When I worked at the GM Powertrain Livonia Engine Plant in the mid-1990s, the hallway display cases held posters celebrating something called “The Livonia Philosophy.” It read, in part, like this: “through trust, communication, and respect for the individual, we will build an organization supportive of all employees in the development and utilization of their knowledge, ability, and skill.”
That sounds a lot like the Toyota Production System. Respect for people. Developing the people who do the work. The actual Livonia document even named “a high quality, competitive product in a clean and safe plant” as the goal.
It wasn't decoration to me. During my interviews, GM had promised a workplace built on the Deming philosophy. I was probably the only kid coming out of college who cared about that, having read “Out of the Crisis” on my own, for fun. My dad had attended one of Deming's four-day seminars and talked about it for years. So I took the job partly on that promise.
It didn't take long to see the gap. The plant ran on traditional command-and-control management, combative labor relations, and a blame-and-shame environment. The floors were slick with oil and grease. The communication, when results were poor, mostly came as yelling. The Livonia Philosophy was real once. Dr. Deming had taught workshops inside GM Powertrain in the 1980s, and a forward-thinking plant manager had modified that teaching into the Livonia approach. After a period of success, that manager was promoted, and the next one essentially hit the undo button. The posters stayed up. The practice didn't.

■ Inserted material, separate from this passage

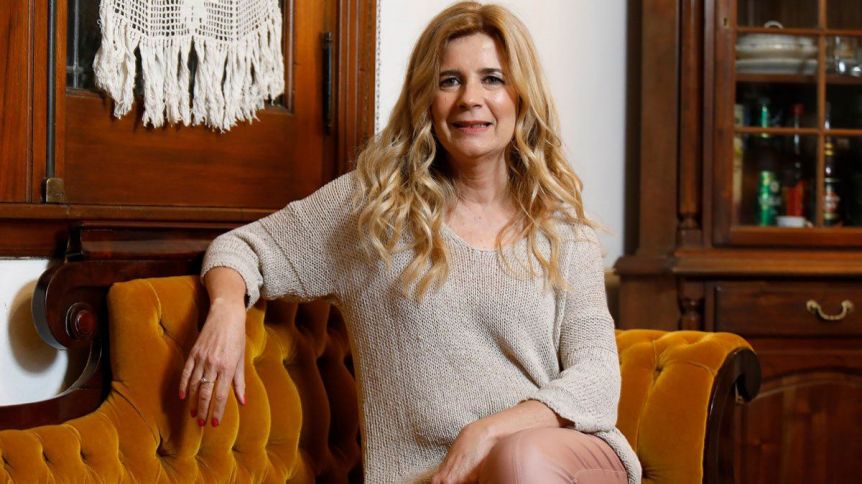 Vuelven a internar a Mercedes Ninci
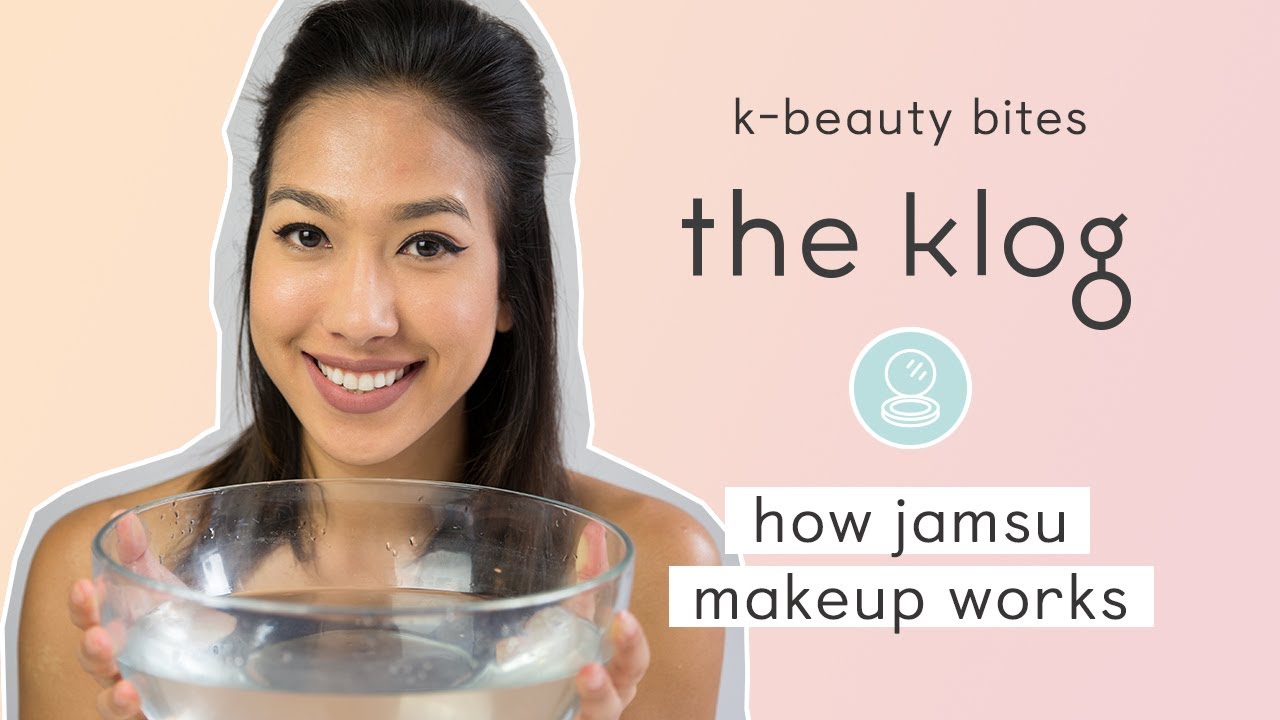 How Jamsu Makeup Works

I've written more about that experience in a guest post for the Deming Institute. I bring it up here because it sharpens the question in the title. If a GM plant could hang Deming on the wall without following him, what does it look like when an organization actually does? Toyota is the company people point to. So, fair question: does Toyota follow Deming's 14 Points?
What Toyota Has Said About Deming
Toyota has never been shy about the connection. In fact, Shoichiro Toyoda, Toyota's former chairman, famously said,
“There is not a day that goes by that I do not think about what Dr. Deming means to our management.”

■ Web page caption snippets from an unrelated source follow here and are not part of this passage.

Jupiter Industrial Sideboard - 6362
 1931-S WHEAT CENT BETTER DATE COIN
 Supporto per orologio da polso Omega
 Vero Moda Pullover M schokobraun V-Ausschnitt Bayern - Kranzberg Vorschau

That's a striking statement from the person who led the company. Deming taught statistical methods and management thinking to Japanese industry in the 1950s, in a postwar moment when companies were rebuilding and genuinely open to a different way of working. The influence is real, documented, and acknowledged at the very top of Toyota. At the level of “did Deming shape Toyota,” the answer is plainly yes.
Where the 14 Points and the Toyota Way Line Up
Read Deming's 14 Points next to the 14 principles in Jeff Liker's “The Toyota Way,” and a lot of it rhymes. Constancy of purpose and Toyota's long-term thinking. Driving out fear and what we'd now call psychological safety. Ending the dependence on mass inspection and Toyota's idea of building quality in at the source. Improving constantly and the whole culture of kaizen.

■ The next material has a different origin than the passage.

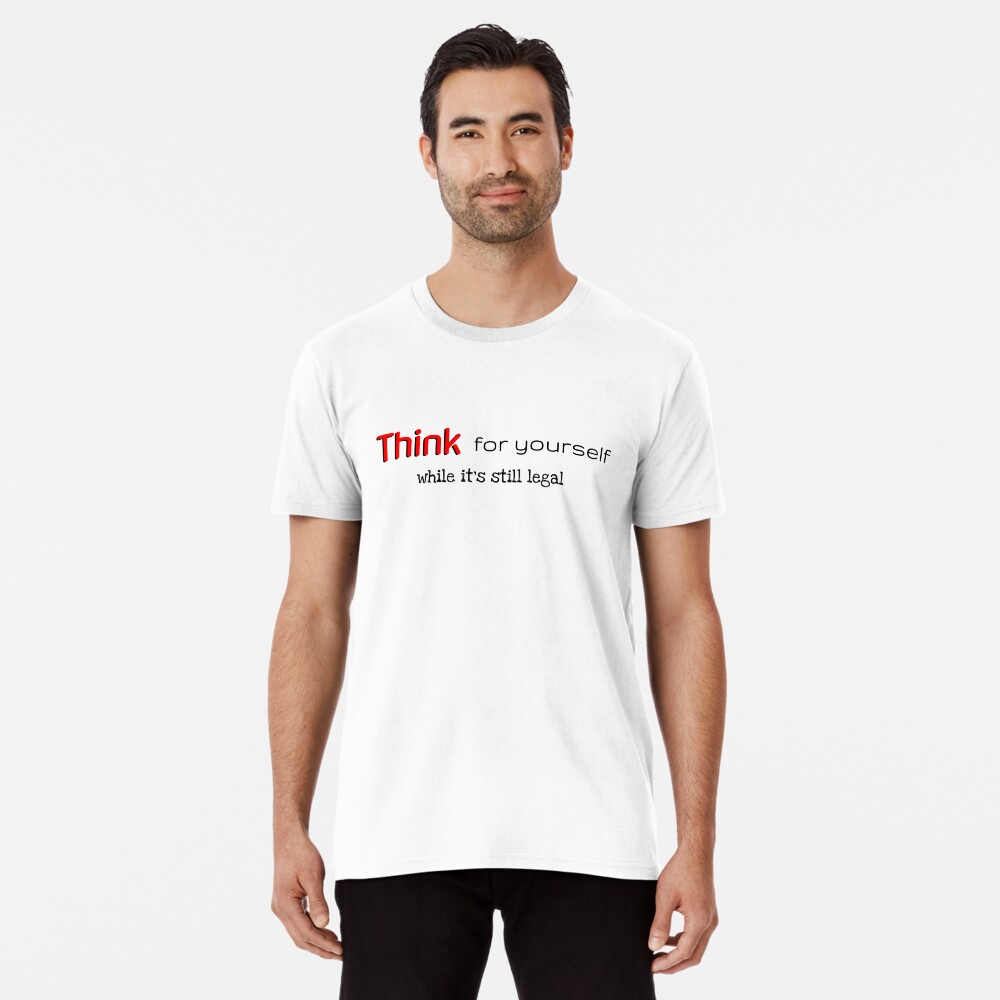 Item preview, Premium T-Shirt designed and sold by unfuckersunite.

I once laid these out side by side in a post comparing Deming's 14 Points and the Toyota Way, if you want the line-by-line. Liker has said the number 14 was mostly a coincidence, not a deliberate echo of Deming. The two arrived at their lists independently. What they share is a worldview: most problems live in the system, not in the individual, and management owns the system.
Where It Gets More Complicated
Here's where I'd be careful. It's tempting to treat the 14 Points as a checklist and grade Toyota point by point, as if the company passes or fails each one. That misreads both Deming and Toyota.
Toyota people I've talked with don't describe their work as “doing Deming.” They describe it as the Toyota Production System, or the Toyota Way, developed over decades through their own experiments, their own mistakes, and the contributions of people like Taiichi Ohno. Deming was an important influence. He was not the blueprint.
And the 14 Points were written for an American manufacturing audience at a particular moment. Some translate cleanly into any setting. Others target specific practices of that time. Asking whether Toyota “follows” all 14 the way you'd follow a recipe assumes the 14 Points were meant to be followed that way. I don't think they were. Deming was trying to change how managers think, not hand them a compliance form.
So the most accurate answer is something like: Toyota was deeply influenced by Deming, the two share a great deal at the level of philosophy, and Toyota built something of its own.
Posters Versus Practice
Which brings me back to those display cases in Livonia.
The Livonia Philosophy document, I later learned, had been signed by some thirty people. It used the right words. It named trust, respect, quality, safety. None of that kept it alive once a new plant manager decided otherwise. The words on the wall were never the problem. What happened, or stopped happening, in the meetings and on the floor is where you found out what the plant actually believed.
I've seen the poster version many times since, with Lean instead of Deming, or with whatever the current language happens to be. A poster is easy. Driving out fear is hard. Ending the dependence on inspection means rethinking how the whole place works, and that takes years, and it can be undone by a single leadership change.
So maybe the more useful question isn't whether Toyota follows all 14 Points. It's why one company can absorb Deming so completely that its chairman thinks about him every day, while another can frame his ideas, mount them in a glass case, and change almost nothing. And whether anyone in your own organization would notice if the posters came down.